Bar queues in London don’t tend to be like that. Apart from the odd occasion when someone concedes that you were indeed there first and the trusty barkeep should tend to your thirst before their own (I’ve done it; trust me, you feel up there with Ghandi on the ‘noble and selfless’ scale), manners are not always at their best at the bar. To add insult to injury, it’s often the best bars that prove so popular that the queues get ridiculous.

Take old faithfuls like The Defectors Weld, Shepherd’s Bush’s answer to the Queen Vic. The cocktails are great, the people cool (the Beeb’s just down the road, dharling, this is media-mania), and the décor’s decent. But hit it at happy hour when cocktails are buy one, get one for £1, and you’ll be waiting a good 15 minutes for your raspberry collins; delicious, but slow going.
I went to a bar launch a couple of weeks ago in the heart of Fitzrovia. The Lucky Pig is a new basement bar on Clipstone Street modelled on a twenties drinking den, all art nouveau fittings and antiques galore, with an upright piano just waiting for someone to break into song.
The cocktails were fabulous – in particular the Southside Royal, a heady mix of Bombay Sapphire, mint, cucumber and Champagne – but at one point my companion disappeared for a total of 26 minutes in an attempt to get a drink; not exactly conducive to conversation or celebration.

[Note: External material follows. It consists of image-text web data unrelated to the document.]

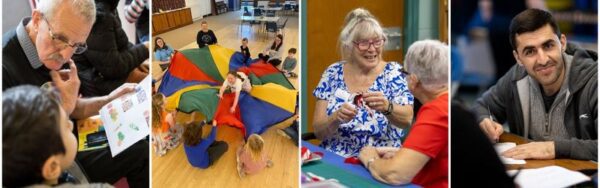 Two Ridings Community Foundation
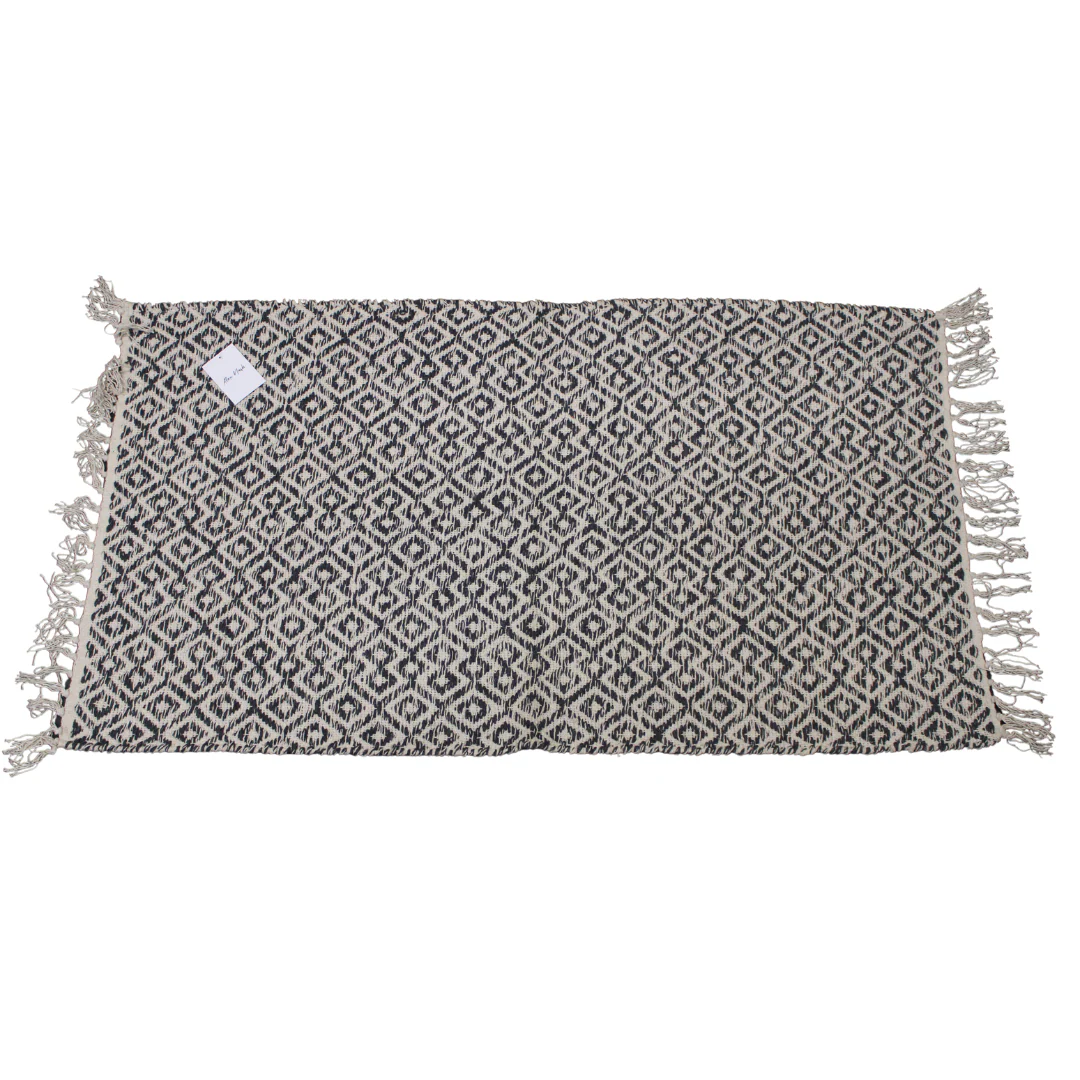 Handloom Rug 60x110cm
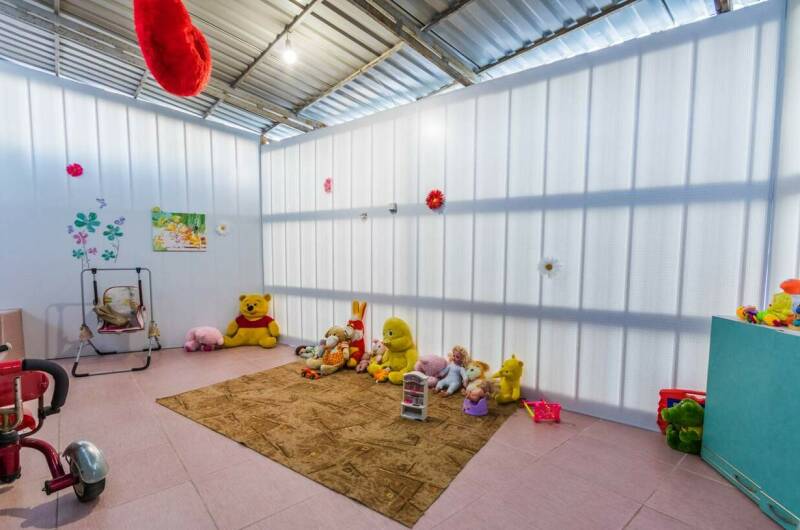 Изображение Изображение гостиницы "Гостевой дом «Лотос»" #1 #1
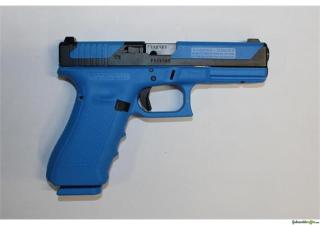 Glock 17T ...Andere/Nicht angegeben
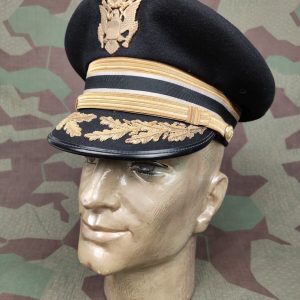 Schirmmütze US Army für Judge Advocate General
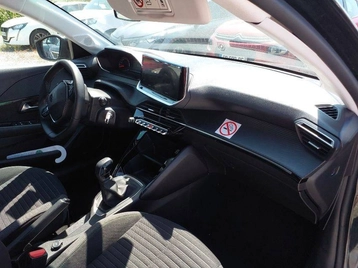 Image véhicule  Peugeot 208 (8)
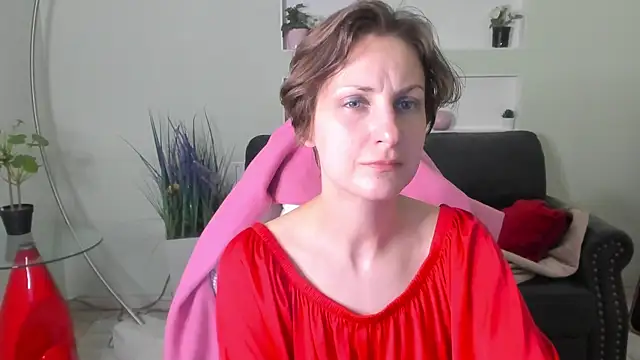 Živý XXX chat AuroraRight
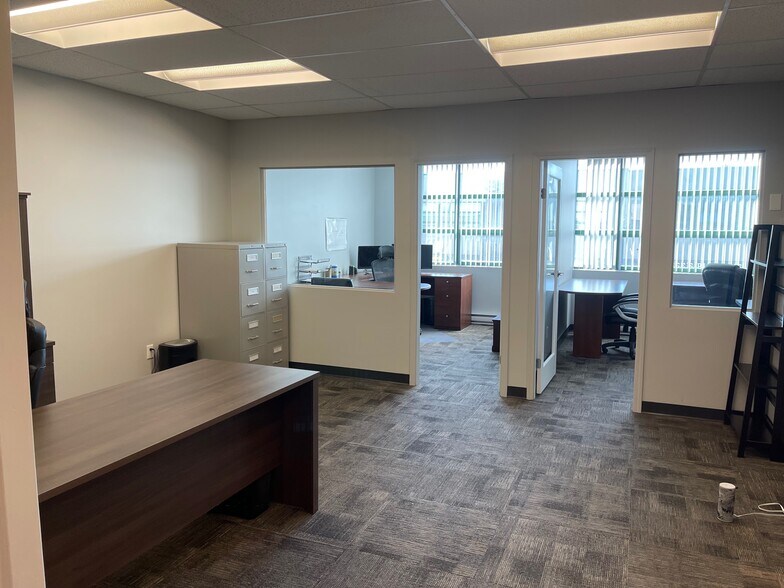 More Photos Of 17 Fawcett Rd, Coquitlam Warehouse For Sale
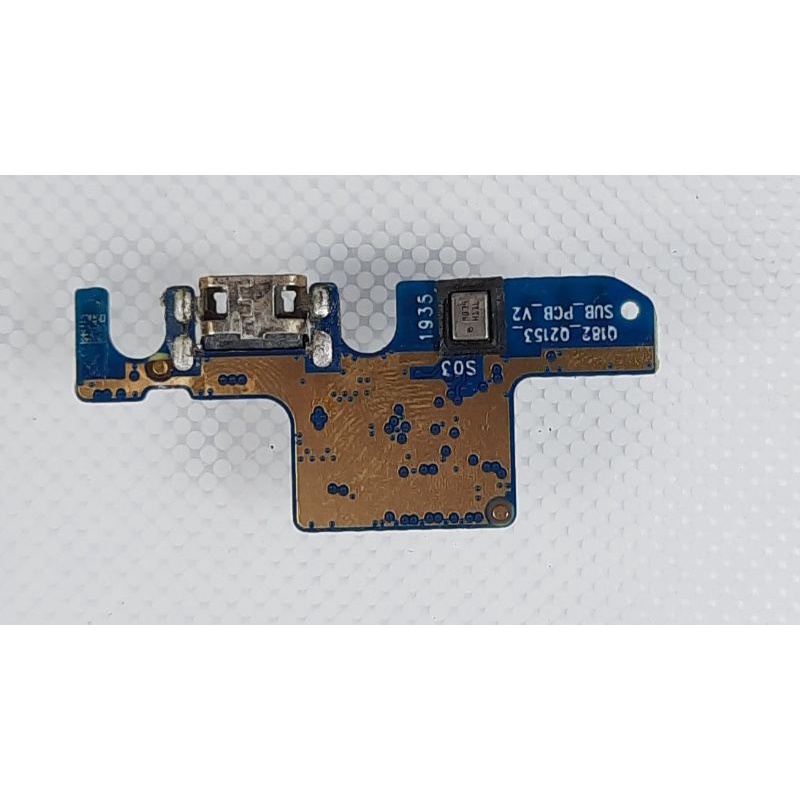 Bo main/ cáp/ dây nối  sạc Vsmart star v320a/ zin bóc máy/ chính hãng/ có bảo hành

How are we to overcome such waiting woes, fellow drinkers? Find the answer to that and you’ll be rich (and permanently tipsy). The only plus side, if there is one, to these hideous delays is the odd occasion when the queue is a happy, resigned one. Then you know that, like your good self, these people are in for the long haul, and know that the wait is worth the first glug. When – and I admit it happens rarely – people are empathetic to your predicament, all clamouring for a Cosmo themselves, and therefore willing to bond over the trial.
So next time you’re stuck in the eternal queue, try to strike up a conversation with your neighbour. You may not get served any quicker, but you may just find a distraction to help you while away the hours awaiting the elusive drink, and maybe even a new drinking partner to boot.